ESET’s investigation revealed that the Android app, “iRecorder — Screen Recorder”, introduced the malicious code as an app update almost a year after it was first listed on Google Play. According to ESET, the code allowed the app to stealthily upload a minute of ambient sound every 15 minutes from the device’s microphone, and exfiltrate documents, web pages and media files from the user’s phone.
The application is no longer mentioned on Google Play. If you have installed the app, you should uninstall it from your device. By the time the malicious app was pulled from the app store, it had already been downloaded more than 50,000 times.
ESET calls the malicious code AhRat, a modified version of an open-source remote access trojan called AhMyth. Remote access Trojans (or RATs) take advantage of broad access to a victim’s device and can often involve remote control, but also operate similarly to spyware and stalkerware.

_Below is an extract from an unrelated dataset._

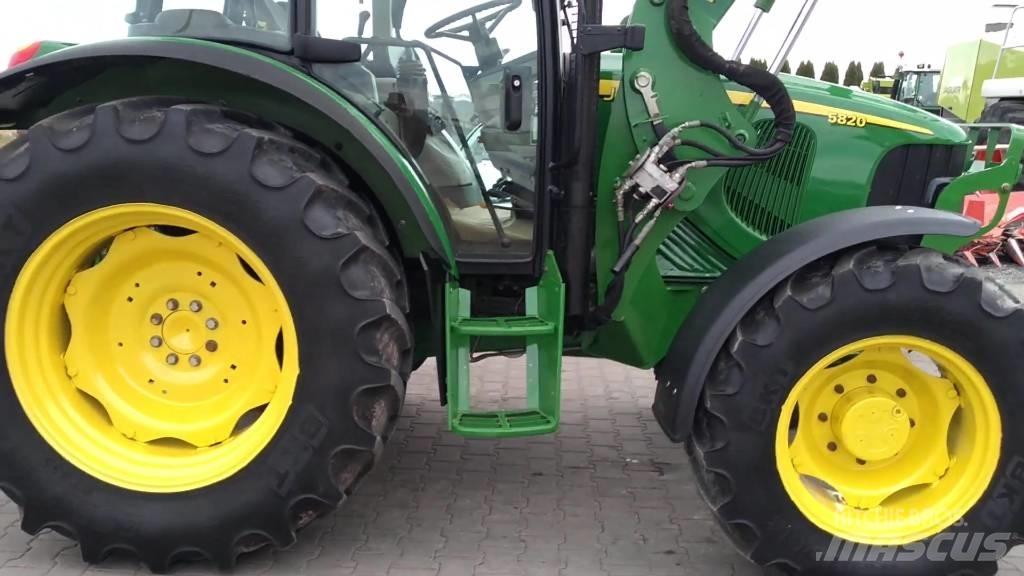 John Deere 5820 الجرارات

Lukas Stefanko, a security researcher at ESET who discovered the malware, said in a blog post that the iRecorder app did not contain any malicious features when it was first launched in September 2021.
After the malicious AhRat code was pushed to existing users (and new users who would download the app directly from Google Play) as an app update, the app began stealthily accessing the user’s microphone and extorting the user’s phone information. upload to a server controlled by the malware. operator. Stefanko said the audio recording “fits within the already defined app permissions model” as the app is designed by nature to capture the device’s screen recordings and would request access to the device’s microphone.
It’s not clear who planted the malicious code – by the developer or someone else – or for what reason. TechCrunch has emailed the developer’s email address that was on the app’s list before it was taken down, but hasn’t heard back yet.
Stefanko said the malicious code is likely part of a wider espionage campaign – where hackers collect information on targets of their choosing – sometimes on behalf of governments or for financially motivated reasons. He said it’s “rare for a developer to upload a legitimate app, wait nearly a year, and then update it with malicious code.”
It’s not uncommon for bad apps to sneak into app stores, and it’s not the first time AhMyth has done so either crawled away to Google Play. Both Google and Apple screen apps for malware before offering them for download, and sometimes act proactively to pull apps when they could put users at risk. Last year, Google said it prevented more than 1.4 million privacy-violating apps from reaching Google Play.